That kindness and curiosity has at times been accompanied by a desire to take our photo. We’ve met many Colombian tourists, out and about visiting their country, and we have become a feature of many of their holiday snaps. On those occasions we’re often being tourists too, visiting a lake or a church. Perhaps more entertaining has been when we’ve been papped on the road, dirty and tired, standing alongside our new friends and grinning for their photos.  This has particularly been shopkeepers, cyclists and policemen. On one occasion a sleeping child was thrust in a photo with us; he managed to remain 80% unconscious for the experience.

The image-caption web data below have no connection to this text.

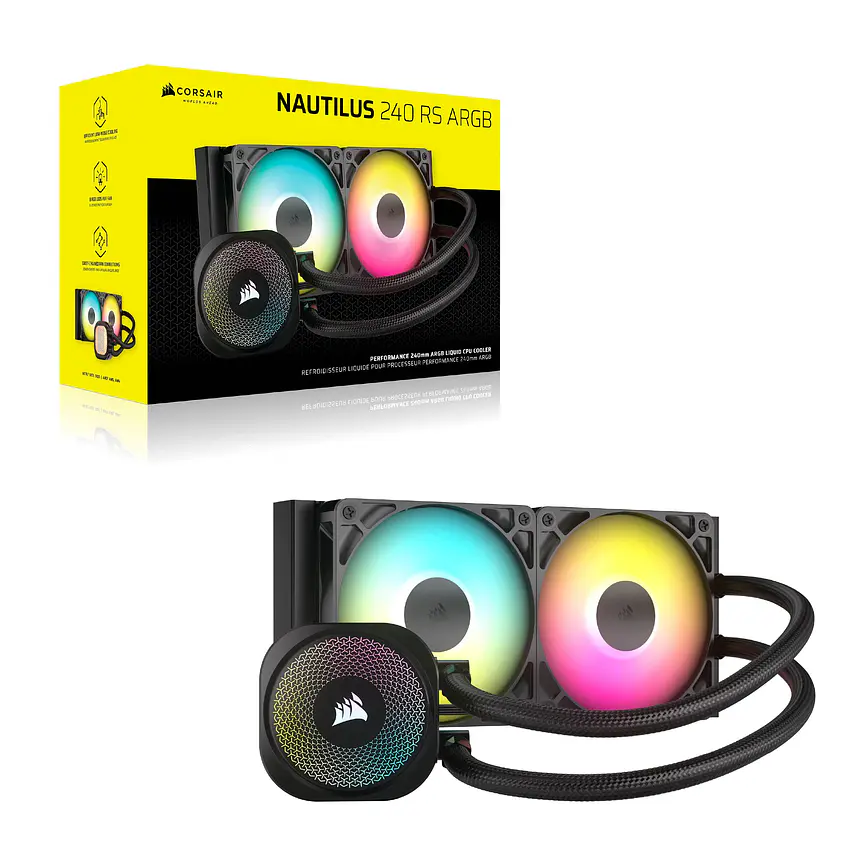 Corsair NAUTILUS 240 RS ARGB - Black (CW-9060092-WW) 1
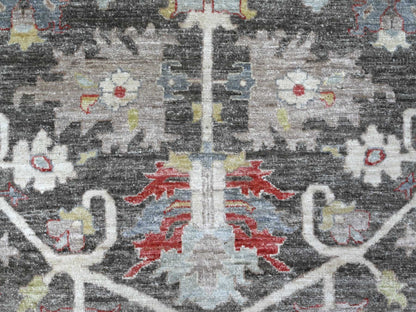 Heriz Traditional hand-knotted wool rug in Black, 7'11" x 9'7", SKU O088873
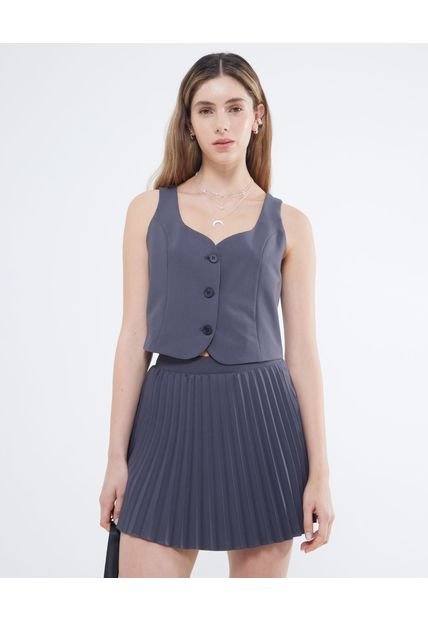 Falda Para Mujer Corto Color Gris  Marca Seven Seven #28140890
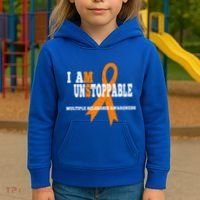 Ms Awareness Gift I Am Unstoppable Ms Gift Kids Hoodie thumb 3
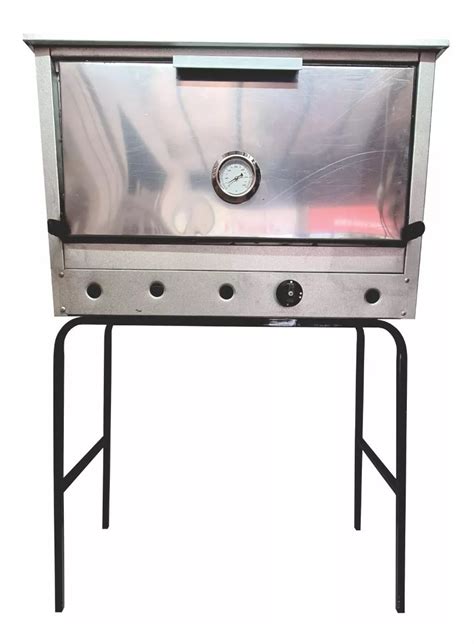 Horno Pizzero Rotisero 3 Moldes Acero Inox Con Base Depaolo En Bs As G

Colombia is also much more of a cycling nation than those in Central America. We’ve enjoyed the mornings when our route has coincided with a local favourite, and the masses are out for their pre-work ride. On these occasions we are left for dust by the light weight roadies, but the cheery ‘bueeenas’ (apparently a warm rather than lazy version of ‘buenas dias’) and their sometimes slowing down for a chat gives us energy and keeps us chirpy even on the longest climbs.

Colombia is well ahead of the rest in its making provision for cyclists. Major cities such as Bogota and Medellin had cycle paths in the city as early as the 70’s and on Sundays they close a number of key roads to traffic turning them into ‘cyclovias’ for cyclists, walkers, runners etc. We wonder if London could handle losing the Euston Road every Sunday?

The final thing that deserves a mention is the food. On this whole trip we’ve felt so aware of moving through areas where different produce is prevalent.  In addition to the staples, each area has its speciality. This has the bonus of meaning certain food is incredibly ripe and fresh, but it can also mean it's availability is fleeting. Often on the road we battle between the desire to cover some miles and the urge to stop to pick up an incredible snack we’ve just seen for sale by the roadside (hungry or not, sampling the culinary delights is all part of the experience). For three days you might see reams and reams of a certain fruit for sale and then suddenly it's gone. Unfortunately you just don't know when that moment will be. Never has that been more devastating than when we stuttered our way past the town of Santa Rosa where succulent chorizo swung from roadside stands; but on an awkward stretch of road we hesitatingly pedaled on, only to later learn that this town was both the cherub of the chorizo region and marked its southernmost point. We've not had a whiff of chorizo since! 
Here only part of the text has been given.